Algorithmes « déconnectés »
Dans un monde désormais façonné par des algorithmes, il est facile de croire que nos réseaux nous rapprochent et nous font avancer dans un sens commun. Mais si nos chambres d’écho, alimentées par ces mêmes systèmes, ne faisaient que renforcer nos propres perspectives parfois erronées, mais qui rassurent? Ce confort numérique peut nous donner l’impression de comprendre la société, alors qu’en réalité, nous ignorons souvent ce qui se passe de l’autre côté. Les algorithmes, en triant ce que nous voyons et ce que nous ne voyons pas, déconnectent parfois plus qu’ils ne relient. Faut voir le monde dans son entièreté pour mieux le comprendre, y vivre… non?
Pour cette première chronique, je veux réfléchir avec vous à ces dynamiques invisibles qui influencent nos interactions, nos visions et nos choix. L’objectif?
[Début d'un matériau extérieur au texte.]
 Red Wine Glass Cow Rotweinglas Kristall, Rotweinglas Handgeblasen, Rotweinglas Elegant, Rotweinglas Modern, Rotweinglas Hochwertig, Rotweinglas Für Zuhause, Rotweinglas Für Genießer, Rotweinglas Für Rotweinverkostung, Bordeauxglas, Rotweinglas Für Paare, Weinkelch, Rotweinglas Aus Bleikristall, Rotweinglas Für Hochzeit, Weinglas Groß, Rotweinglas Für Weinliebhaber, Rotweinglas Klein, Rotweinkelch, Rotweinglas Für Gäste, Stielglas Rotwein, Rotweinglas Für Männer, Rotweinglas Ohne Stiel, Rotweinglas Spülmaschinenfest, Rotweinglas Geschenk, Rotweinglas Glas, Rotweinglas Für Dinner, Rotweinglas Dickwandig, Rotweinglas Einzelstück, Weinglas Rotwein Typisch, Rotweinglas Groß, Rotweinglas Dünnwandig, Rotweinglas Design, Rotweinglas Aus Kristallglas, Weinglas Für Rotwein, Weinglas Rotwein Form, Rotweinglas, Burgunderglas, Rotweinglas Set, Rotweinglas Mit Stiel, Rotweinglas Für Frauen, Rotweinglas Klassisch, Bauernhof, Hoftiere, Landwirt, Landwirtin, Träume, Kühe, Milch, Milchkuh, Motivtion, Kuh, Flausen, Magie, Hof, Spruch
Aller plus loin, questionner nos habitudes numériques, et imaginer des solutions qui mettent l’équité, la diversité et l’inclusion au centre de cette révolution technologique.
« Comment pouvons-nous bâtir une société inclusive si les outils que nous utilisons pour dialoguer semblent eux-mêmes biaisés? »
Les bulles algorithmiques : des murs invisibles
Les réseaux sociaux, moteurs de cette grande machine numérique, sont censés rassembler, c’est l’objectif vendu. Mais je ressens, constate et entends aussi l’inverse : ils isolent. Leurs algorithmes construisent des bulles, où nos opinions sont renforcées et les perspectives différentes grandissent en parallèle. Résultat? Une société fragmentée, où la nuance est étouffée par le bruit des extrêmes.
Comment pouvons-nous bâtir une société inclusive si les outils que nous utilisons pour dialoguer semblent eux-mêmes biaisés? Si les algorithmes amplifient les voix qui divisent et invisibilisent celles qui construisent? Derrière chaque clic, chaque partage, se cache une décision programmée, mais aussi une question : et si nous exigions mieux et plus de ces outils?
Inclusion et éthique : des piliers inséparables
L’inclusion, ce n’est pas un mot qu’on glisse dans une présentation pour faire bonne figure. C’est une pratique, une volonté de donner une place équitable à la diversité, à nous « toustes ». Et dans le numérique, cette pratique est encore trop souvent absente. Les algorithmes, tout comme les politiques qui les entourent, doivent être conçus avec l’humain(e). ni à gauche, ni à droite, mais au centre.
Mais cela demande du courage, de reconnaître les biais systémiques, les affronter, et travailler à créer des technologies qui valorisent la diversité au lieu de la craindre et de l’invisibiliser. C’est un appel à l’action, non seulement pour les décideur(euse)s, mais pour chacun(e) de nous. La réflexion sur les dimensions éthiques de la technologie n’est pas un ennemi à l’innovation ; c’est son moteur. Une propulsion pour un changement plus inclusif et durable.
Imaginez des plateformes où la diversité n’est pas un problème à gérer, mais une richesse à amplifier. Où les jeunes, les communautés marginalisées, et toutes celles et ceux qui se sentent invisibles trouvent enfin leur voix parmi celles des autres, en sécurité. Ce n’est pas une utopie, c’est une responsabilité qu’on doit prioriser.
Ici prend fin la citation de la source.